The Behavioral Interventions to Advance Self-Sufficiency (BIAS) project is the first major opportunity to use a behavioral economics lens to examine programs that serve poor and vulnerable families in the United States. Sponsored by the Office of Planning, Research and Evaluation of the Administration for Children and Families in the U.S. Department of Health and Human Services and led by MDRC, the project applies behavioral insights to issues related to the operations, implementation, and efficacy of social service programs and policies.

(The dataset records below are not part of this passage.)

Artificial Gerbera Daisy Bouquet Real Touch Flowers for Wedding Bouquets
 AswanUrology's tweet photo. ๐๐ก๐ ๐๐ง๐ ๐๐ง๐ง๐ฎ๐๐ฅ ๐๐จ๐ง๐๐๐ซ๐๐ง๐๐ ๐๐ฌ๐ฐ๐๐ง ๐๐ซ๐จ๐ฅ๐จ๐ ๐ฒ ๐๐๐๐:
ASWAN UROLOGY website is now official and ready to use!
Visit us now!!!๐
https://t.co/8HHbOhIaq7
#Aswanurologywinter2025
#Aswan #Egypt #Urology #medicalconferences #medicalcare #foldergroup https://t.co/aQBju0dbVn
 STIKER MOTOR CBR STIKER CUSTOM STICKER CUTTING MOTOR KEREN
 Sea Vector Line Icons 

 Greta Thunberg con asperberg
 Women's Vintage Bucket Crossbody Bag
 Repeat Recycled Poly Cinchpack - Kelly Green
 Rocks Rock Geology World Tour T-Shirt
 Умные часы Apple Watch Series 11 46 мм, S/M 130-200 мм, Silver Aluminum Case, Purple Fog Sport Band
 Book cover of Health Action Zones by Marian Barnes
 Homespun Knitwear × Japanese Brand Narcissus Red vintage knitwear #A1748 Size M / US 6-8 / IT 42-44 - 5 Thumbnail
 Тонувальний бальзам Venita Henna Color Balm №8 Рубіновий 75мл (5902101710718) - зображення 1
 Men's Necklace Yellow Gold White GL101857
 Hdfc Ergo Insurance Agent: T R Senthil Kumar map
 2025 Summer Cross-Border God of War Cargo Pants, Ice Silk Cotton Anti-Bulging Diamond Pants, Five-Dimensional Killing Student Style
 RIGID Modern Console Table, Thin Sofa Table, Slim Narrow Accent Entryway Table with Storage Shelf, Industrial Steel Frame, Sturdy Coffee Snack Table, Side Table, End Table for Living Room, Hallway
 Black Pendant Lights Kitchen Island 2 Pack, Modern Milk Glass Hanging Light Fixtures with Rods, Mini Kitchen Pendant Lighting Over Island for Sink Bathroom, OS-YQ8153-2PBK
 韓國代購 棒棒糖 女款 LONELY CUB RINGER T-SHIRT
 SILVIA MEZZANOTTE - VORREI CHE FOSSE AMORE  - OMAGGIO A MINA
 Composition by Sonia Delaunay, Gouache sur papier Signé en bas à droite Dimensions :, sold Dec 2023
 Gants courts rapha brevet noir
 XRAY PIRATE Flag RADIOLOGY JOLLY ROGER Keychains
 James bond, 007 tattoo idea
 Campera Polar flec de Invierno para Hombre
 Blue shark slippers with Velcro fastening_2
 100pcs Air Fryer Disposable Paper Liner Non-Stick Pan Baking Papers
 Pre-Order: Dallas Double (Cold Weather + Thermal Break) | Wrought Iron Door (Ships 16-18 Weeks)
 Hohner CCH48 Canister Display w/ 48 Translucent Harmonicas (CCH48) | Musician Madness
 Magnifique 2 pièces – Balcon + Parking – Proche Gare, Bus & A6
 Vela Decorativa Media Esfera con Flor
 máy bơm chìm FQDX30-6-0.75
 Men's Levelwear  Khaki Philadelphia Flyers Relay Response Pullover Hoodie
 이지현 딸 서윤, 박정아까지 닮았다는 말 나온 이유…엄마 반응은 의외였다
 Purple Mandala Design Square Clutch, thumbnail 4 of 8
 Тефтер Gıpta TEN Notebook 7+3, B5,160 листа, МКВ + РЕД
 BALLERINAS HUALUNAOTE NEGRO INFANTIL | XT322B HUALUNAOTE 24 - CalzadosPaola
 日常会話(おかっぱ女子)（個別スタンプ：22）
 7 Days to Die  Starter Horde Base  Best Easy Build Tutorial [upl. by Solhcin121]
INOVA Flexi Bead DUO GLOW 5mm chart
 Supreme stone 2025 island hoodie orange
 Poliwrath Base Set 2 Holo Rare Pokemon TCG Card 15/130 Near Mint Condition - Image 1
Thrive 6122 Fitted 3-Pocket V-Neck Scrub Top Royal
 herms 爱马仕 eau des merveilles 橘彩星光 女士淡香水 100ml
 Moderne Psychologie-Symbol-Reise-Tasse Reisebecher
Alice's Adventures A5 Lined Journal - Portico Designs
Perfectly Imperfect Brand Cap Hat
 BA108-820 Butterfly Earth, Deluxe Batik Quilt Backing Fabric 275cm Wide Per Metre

This report presents findings from an intervention designed to increase the number of Temporary Assistance for Needy Families (TANF) recipients in Los Angeles who “reengaged” in the county’s welfare-to-work program. Some adults with young children had been exempt from participating in the welfare-to-work program, but this exemption ended in 2013 due to a change in state policy. In late 2013, Los Angeles County began scheduling appointments with formerly exempt parents to bring them into the welfare-to-work program and engage them in program activities. The county made at least four attempts to contact participants and inform them of the new requirements prior to the appointment: sending two notices, 60 days and 30 days before the appointment, and placing two reminder calls, 10 days and 3 days before the appointment. Despite all of this communication, only about half of the participants who received a reengagement notice between September 2013 and January 2014 attended the scheduled mandatory reengagement appointment.

The BIAS team tested sending additional, behaviorally informed materials to participants one week before the reengagement appointment. The team designed two different notices that employed behavioral techniques; one highlighted the losses participants might experience by not attending the appointment and the other highlighted the benefits they might gain by attending.

Participants were randomly assigned to one of three groups: (1) a program group that received the gain-framed notice; (2) a program group that received the loss-framed notice; or (3) a control group, which did not receive additional materials. The test found that receiving an additional behavioral message increased the percentage of program group members who engaged in the program within 30 days of their scheduled appointment by a statistically significant 3.6 percentage points. This increase was largely driven by the loss notice, which increased engagement at 30 days by 4.4 percentage points, while the gain notice, when compared with the control condition, did not produce a statistically significant impact at 30 days. No impacts were found for either group after 60 and 90 days. The behavioral outreach did not significantly reduce the percentage of participants sanctioned by the program for nonparticipation after 60 and 90 days.

This intervention was added to a fairly intensive campaign to increase engagement among TANF recipients. Given that this was one additional piece of mail on top of at least four other attempts to reach participants and convey the importance of participating, it is notable that it helped participants to engage earlier than they would have otherwise.

Farrell, Mary, Jared Smith, Leigh Reardon, and Emmi Obara. 2016. Framing the Message. New York: MDRC.